*** SOURCE DATA ***
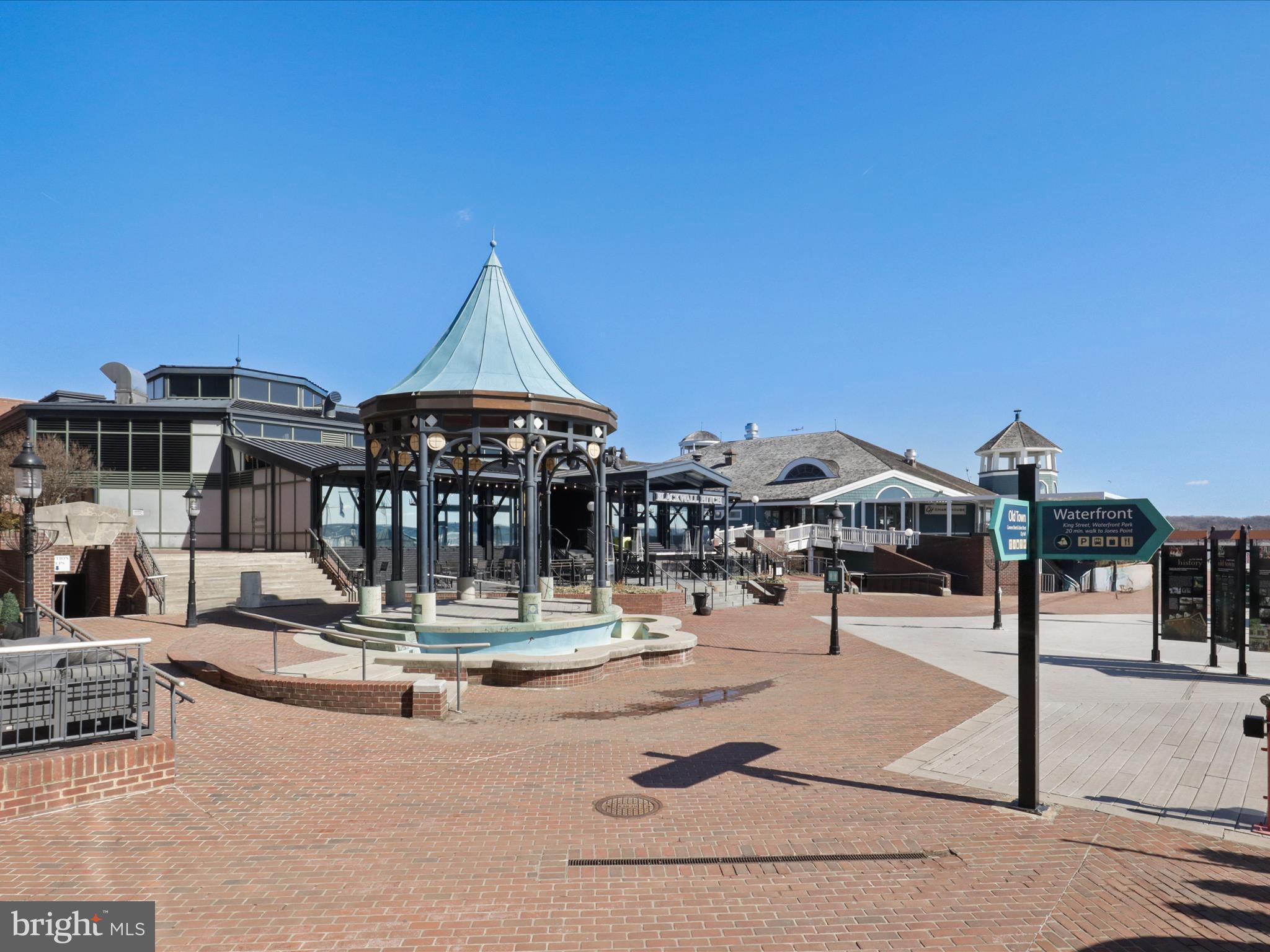 NEW ALEXANDRIA - Residential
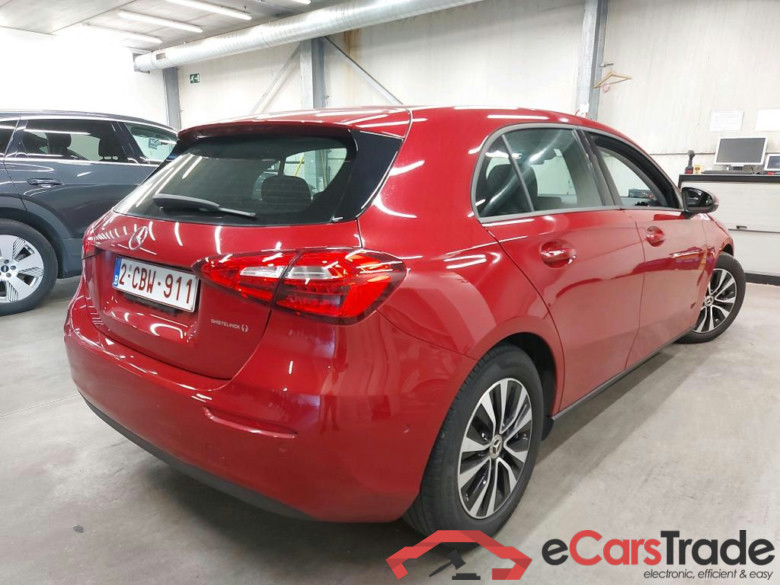 MERCEDES - MER A 180 d 116PK 8G-DCT Business Solution Essential #2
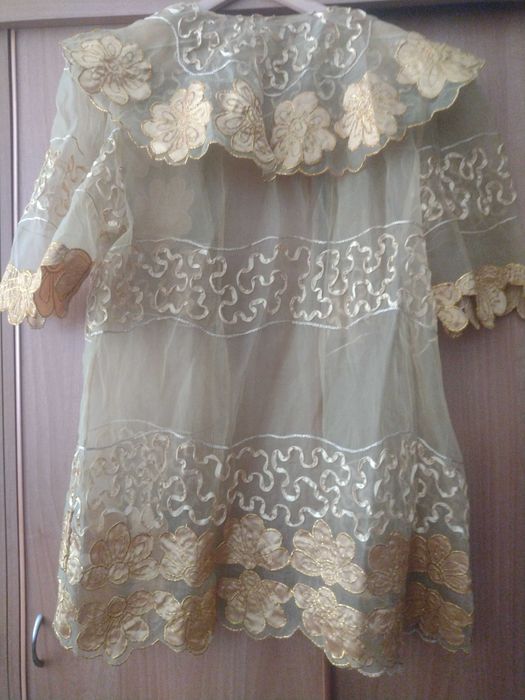 Narzutka kardigan złota nitka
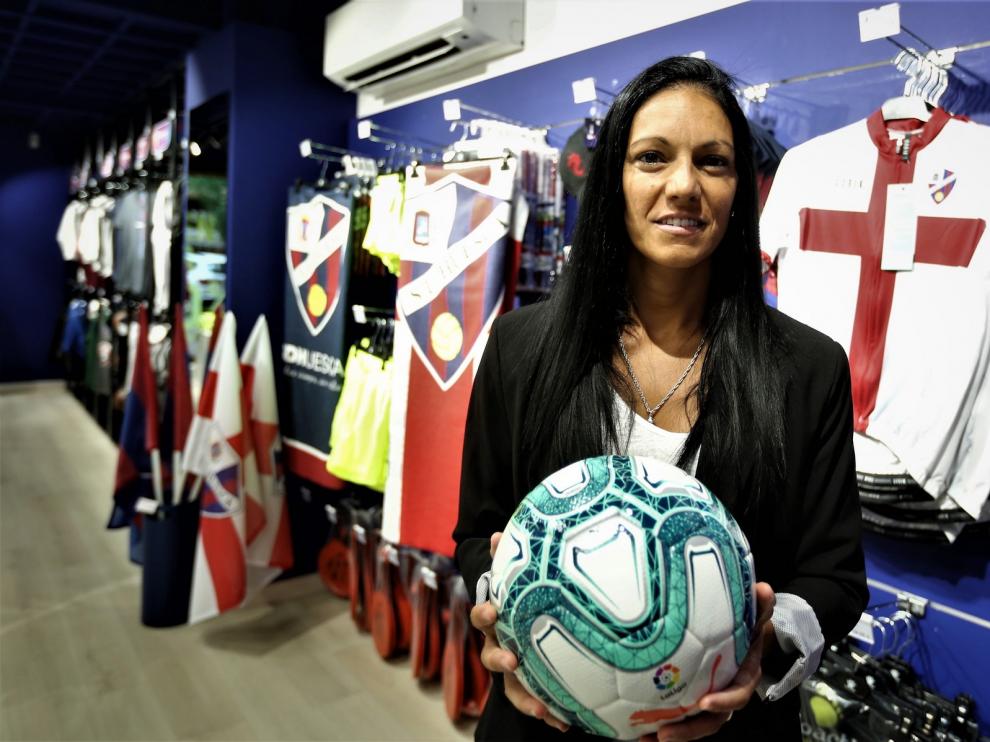 Verónica Rodríguez, coordinadora deportiva de la sección femenina SD Huesca y entrenadora del primer equipo: "El fútbol femenino es agradecido, puro y engancha a quien se acerca"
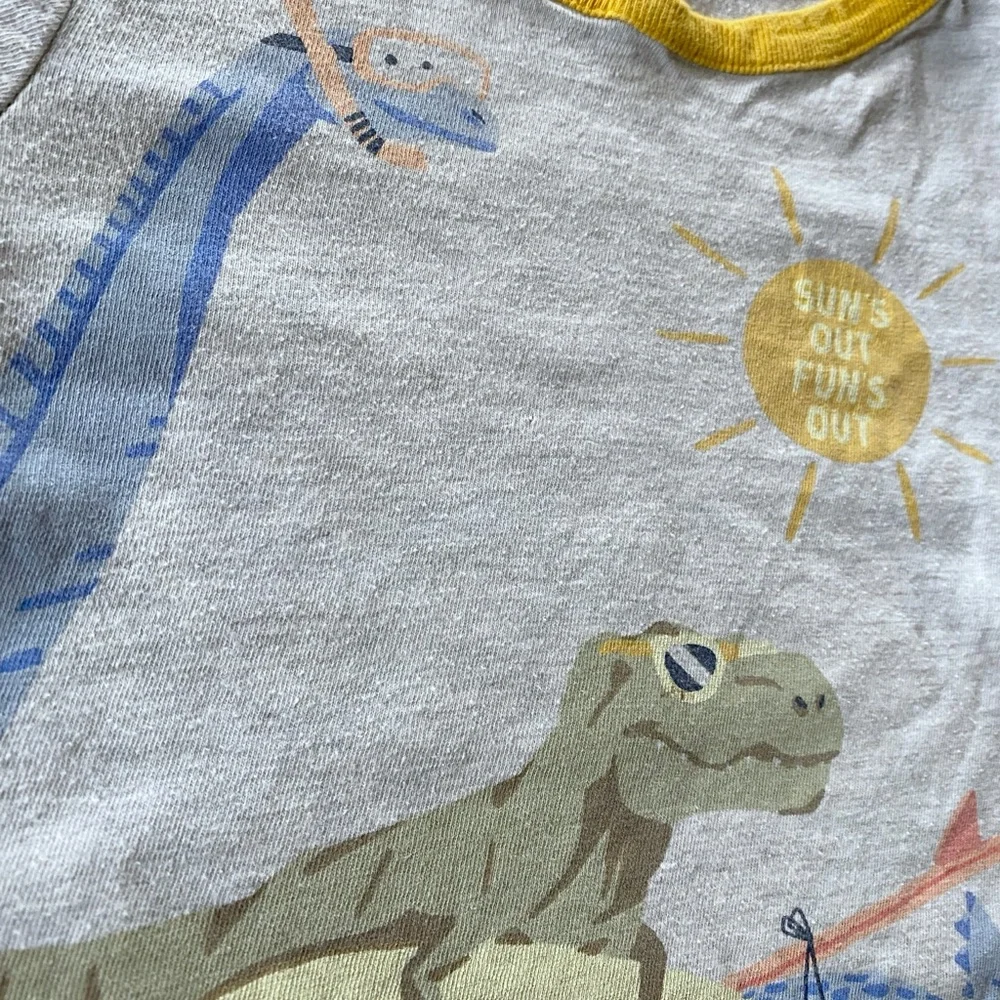4/$20 Old Navy Tee
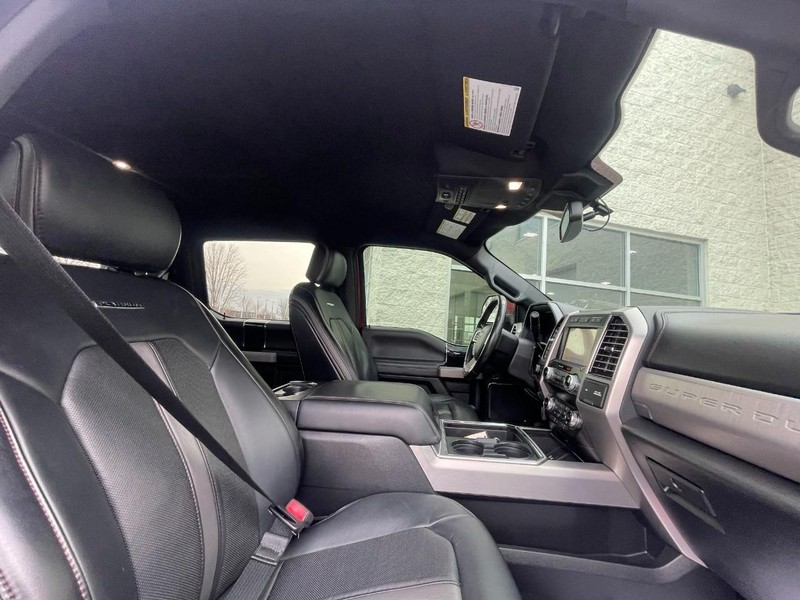 Ford Super Duty F-250 SRW Vehicle Image 03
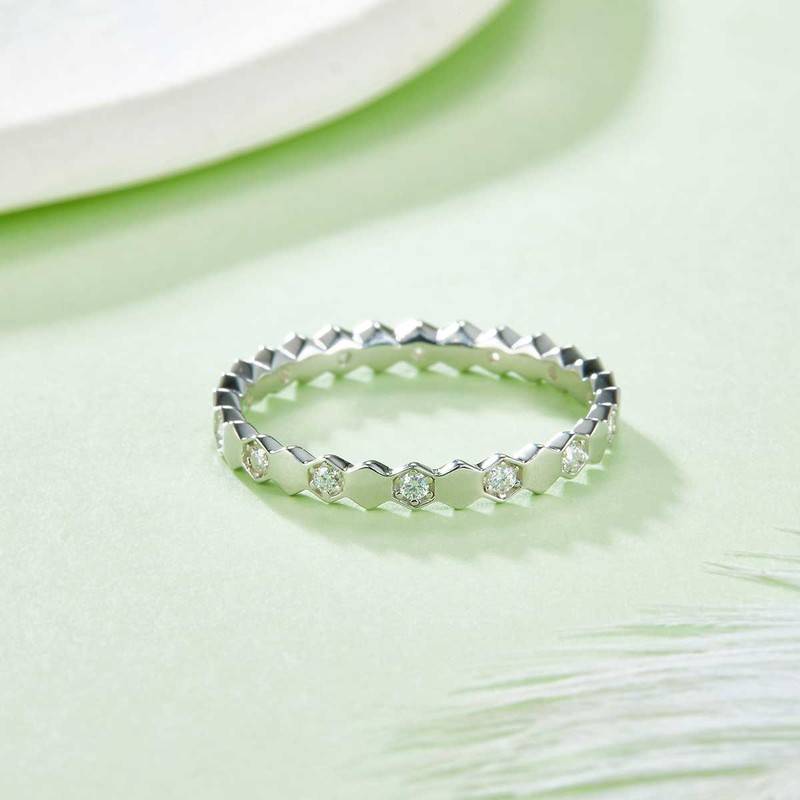 Honeycomb S925 Silver Plated Platinum Moissanite 20 Points D-Grade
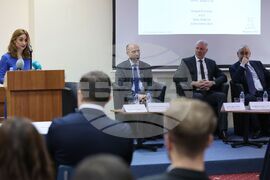 Висше училище по застраховане и финанси - проф. д-р Ричард Вернер - лекция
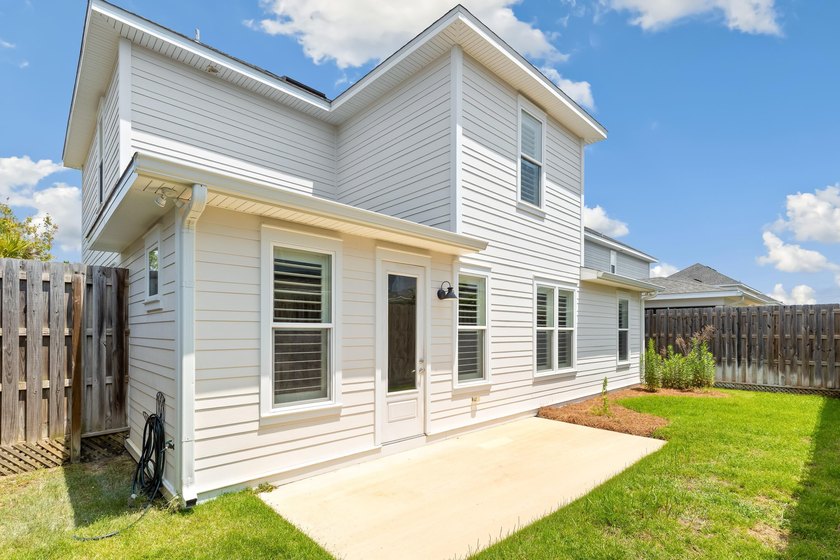 Now Available! This spacious home is situated on a premium lot - photo 25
*** End of SOURCE DATA ***
WORK REQUEST: The records above, minus their pictures, are to be returned verbatim.

REPLY TO THE EXERCISE:
 NEW ALEXANDRIA - Residential
 MERCEDES - MER A 180 d 116PK 8G-DCT Business Solution Essential #2
 Narzutka kardigan złota nitka
 Verónica Rodríguez, coordinadora deportiva de la sección femenina SD Huesca y entrenadora del primer equipo: "El fútbol femenino es agradecido, puro y engancha a quien se acerca"
4/$20 Old Navy Tee
 Ford Super Duty F-250 SRW Vehicle Image 03
 Honeycomb S925 Silver Plated Platinum Moissanite 20 Points D-Grade
 Висше училище по застраховане и финанси - проф. д-р Ричард Вернер - лекция
 Now Available! This spacious home is situated on a premium lot - photo 25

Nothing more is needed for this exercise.